Yeah, I think this concept is a few years old; of course I have been in nutrition several years. And we didn't have an appreciation for the blues and purples. Earlier on we were focused on the yellows, the greens, and the oranges. But, now the newer research brings in the purple and blue colors that are in the grapes, and the berries we were just talking about.

So what do orange-colored foods bring to the picture?

That's the color of the carotenoids. The oranges have some carotenoid activity, but they also have vitamin C. And, vitamin C can play well in antioxidant activity.

For the readers who have discovered that they do have cancer, and are being treated, are there any differences that you suggest in the recommendations for their diet?

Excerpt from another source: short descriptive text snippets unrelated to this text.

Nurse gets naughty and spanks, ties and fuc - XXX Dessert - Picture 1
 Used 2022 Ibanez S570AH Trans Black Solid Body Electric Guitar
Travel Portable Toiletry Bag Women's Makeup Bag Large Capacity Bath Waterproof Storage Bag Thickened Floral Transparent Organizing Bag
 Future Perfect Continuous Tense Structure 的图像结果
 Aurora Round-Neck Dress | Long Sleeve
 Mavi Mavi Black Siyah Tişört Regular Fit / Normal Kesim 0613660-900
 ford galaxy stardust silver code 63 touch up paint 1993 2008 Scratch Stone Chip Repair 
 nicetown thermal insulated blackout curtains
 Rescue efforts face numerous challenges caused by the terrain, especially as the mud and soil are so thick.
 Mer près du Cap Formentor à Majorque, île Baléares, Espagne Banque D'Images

Janice Stuff: Not really, it's very important even after you have been diagnosed with cancer to be healthy during your treatment. And, to prevent any recurrence, it's the same thing. These healthier lifestyles, and healthier dietary patterns can greatly increase your probability of not having a cancer recurrence. So, it's never too late even after a diagnosis of cancer. Of course some cancer survivors are tempted to try some very radical supplements. But, I don't recommend these. Just sticking with this healthy life pattern outline by the American Institute of Cancer Research is appropriate for cancer survivors.

We talked a little bit about some of those things that would potentially destroy cancer cells. And it seem to focus very much on plant-based diets, or vegetables and fruits of various kinds that would bring you some of these micronutrients, antioxidants, flavonoids, and carotenoids; not to mention the essential fatty acids as part of the picture. Is that a fair summary?

Yes. That pretty much summarizes it. We didn't have a lot of time to talk about maintaining a healthy weight, and being physical active. But, in addition to your healthy plant-based diet, remember to do some exercise, and step on the scales frequently to make sure your body weight is in the right body range for your height, age, and weight.

Right. That by itself has been shown to have a positive correlaton with lower cancer risk.

Yes, that's true.

Great. And, one thing I think we didn't mention in all of this is consumption of meat products versus a higher level of fruits and vegetables, or for that matter, fish products.

Yeah, we sort of over emphasized the diet of plant based foods. But, what that basically is saying is, that unlike the American who has a diet plan with a high intake of red meat, you need to flip that. And so, on your plate you see a small serving of meat, but its portion controlled and a larger part of the plate is covered with fruits and vegetables. The fatty acids we talked about earlier; their best source is fish. Fish is a very healthy food that we need to think about eating once or twice a week.

Okay, excellent. Well, I really appreciate your time today.